美国密苏里大学教授、中科大客座教授尚奕访问我院并做学术报告

开云手机登录入口,开云(中国):2012-06-11浏览次数:150

  

 时间:6月12日下午3:00-4:30
 地点:东区高性能计算中心会议室(4楼402室)
 题目:Networked Smartphones and Protein Structure Prediction

 

Part I: Nest: NEtworked Smartphones for Target Localization

 

Target localization has many real-world applications such as sniper localization, vehicle localization and tracking, and emergency responses. Modern smartphones are powerful wireless sensing, computation and communication devices. In this talk, I will presents Nest, a novel system using wirelessly connected smartphones to localize remote targets based on sound and sight. The system has four major components: image-based localization, acoustics-based localization, wireless ad-hoc networking, and middle-ware services for time synchronization and secure communication. Single-image, two-image, video, and TDOA-acoustics based methods have been developed and a prototype system has been implemented on Google Nexus One smartphones running Android. Experimental results show that the system can achieve good localization accuracy.

 

Part II:Model Assessment and Refinement in Protein Structure Prediction

 

Protein folding is one of biggest unsolved problems in science.
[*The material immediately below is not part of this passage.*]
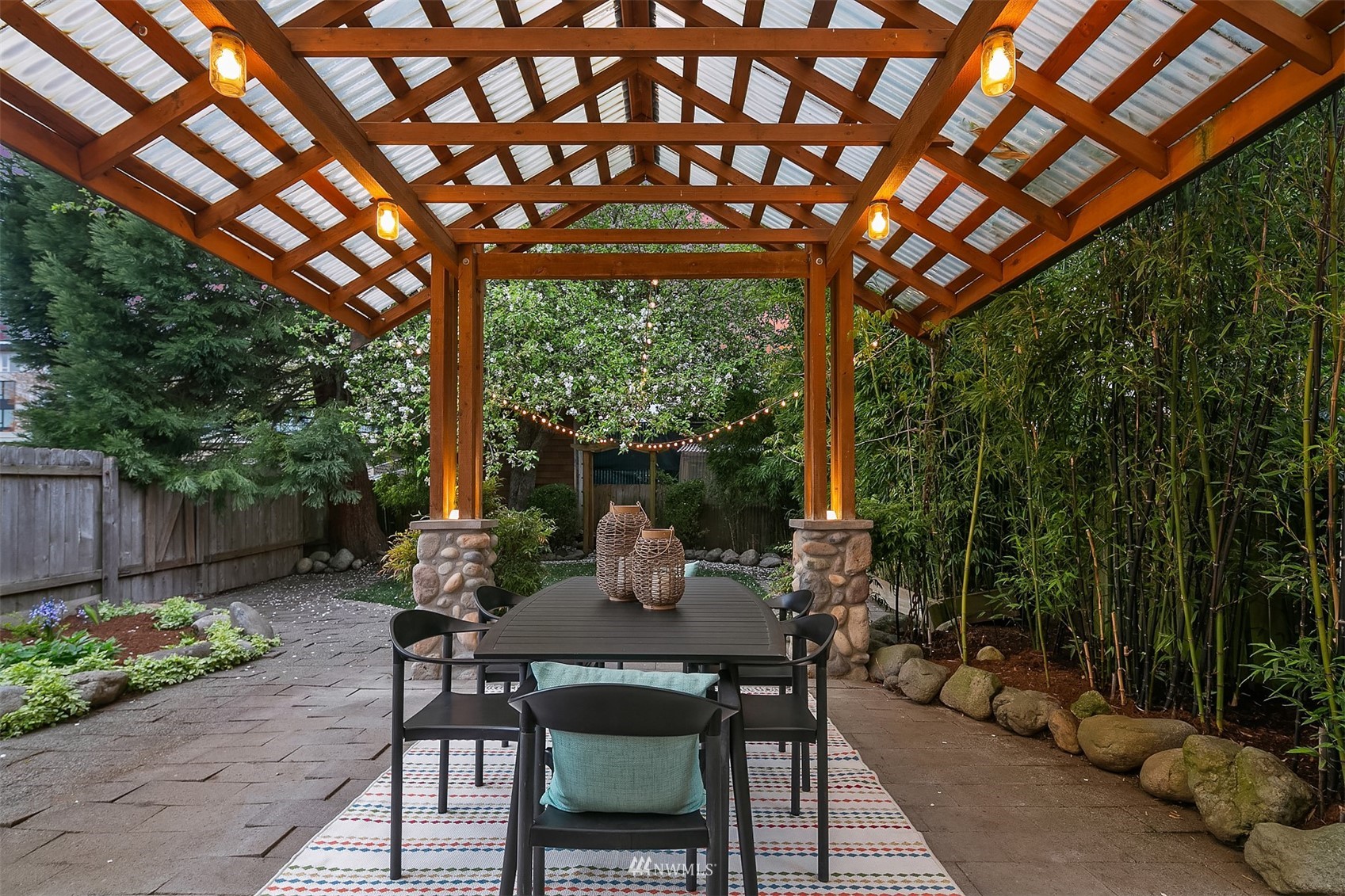 348 North 84th Street Seattle, WA 98103 - Photo 15 of 22 a view of a patio with table and chairs under an umbrella with a large tree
In recent years, the gap between the number of known sequences and known structures is rapidly increasing. Computational protein structure prediction provides a cheap, fast, and large scale approach to address the challenge. A significant event in this field is the world-wide biennial CASP (Critical Assessment of techniques for protein Structure Prediction) competition organized by the US Protein Structure Prediction Center, aiming at providing an objective assessment of the state of the art. In this talk, I will discuss the challenges of model quality assessment and refinement and present our system Mufold and methods used in the ongoing CASP10 competition.

 

 

Biography:

 

Yi Shang is a Professor and Director of Graduate Studies in the Computer Science Department, University of Missouri, Columbia, Missouri. He received his Ph.D. degree in computer science from University of Illinois at Urbana-Champaign in 1997, M.S. degree from the Institute of Computing Technology, Chinese Academy of Sciences, Beijing, in 1991, and B.S. degree from the University of Science and Technology of China, Hefei, in 1988. He has published over 150 refereed papers in the areas of nonlinear optimization, wireless sensor networks, mobile computing, artificial intelligence, and bioinformatics and was issued 6 patents. He has received funding from NSF, NIH, Army, DARPA, Microsoft, and Raytheon. www.cs.missouri.edu/~shangy.